Search code examples
pythonnumpymultidimensional-arrayarray-broadcasting

NumPy ndarray broadcasting - shape (X,) vs (X, 1) to operate with (X,Y)


I have a NumPy ndarray which is shaped (32, 1024) and holds 32 signal measurements which I would like to combine into a single 1024 element long array, with a different weight for each of the 32. I was using numpy.average but my weights are complex and average performs a normalisation of the weights based on the sum which throws off my results.

Looking at the code for average I realised that I can accomplish the same thing by multiplying the weights by the signal array and then summing over the first axis.
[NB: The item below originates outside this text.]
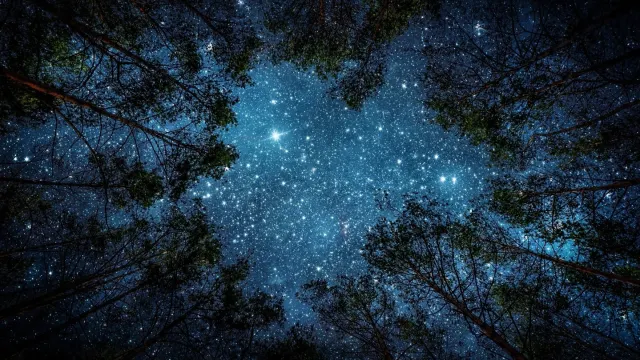 Фото: Triff / shutterstock.com / Fotodom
However when I try and multiply my (32,) weights array by the (32, 1024) signal array I get a dimension mismatch as the (32,) cannot be broadcast to (32, 1024). If I reshape the weights array to (32, 1) then everything works as expected, however this results in rather ugly code:

avg = (weights.reshape((32, 1)) * data).sum(axis=0)

Can anybody explain why NumPy will not allow my (32,) array to broadcast to (32, 1024) and/or suggest an alternative, neater way of performing the weighted average?


Solution

  • Generic setup for alignment between (X,) and (X,Y) shaped arrays

    On the question of why (32,) can't broadcast to (32, 1024), it's because the shapes aren't aligned properly. To put it into a schematic, we have :

    weights :         32
    data    :  32 x 1024 
    

    We need to align the only axis, which is the first axis of weights aligned to the first axis of data. So, as you discovered one way is to reshape to 2D, such that we would end up with a singleton dimension as the second axis. This could be achieved by introducing a new axis with None/np.newaxis : weights[:,np.newaxis] or weights[:,None] or a simple reshape : weights.reshape(-1,1). Hence, going back to the schematic, with the modified version we would have :

    weights[:,None] :  32 x    1
    data            :  32 x 1024
    

    Now, that the shapes are aligned, we can perform any generic element-wise operation between these two with the result schematic looking like so -

    weights[:,None] :  32 x    1
    data            :  32 x 1024
    result          :  32 x 1024
    

    This would broadcast weights and the relevant element-wise operation would be performed with data resulting in result.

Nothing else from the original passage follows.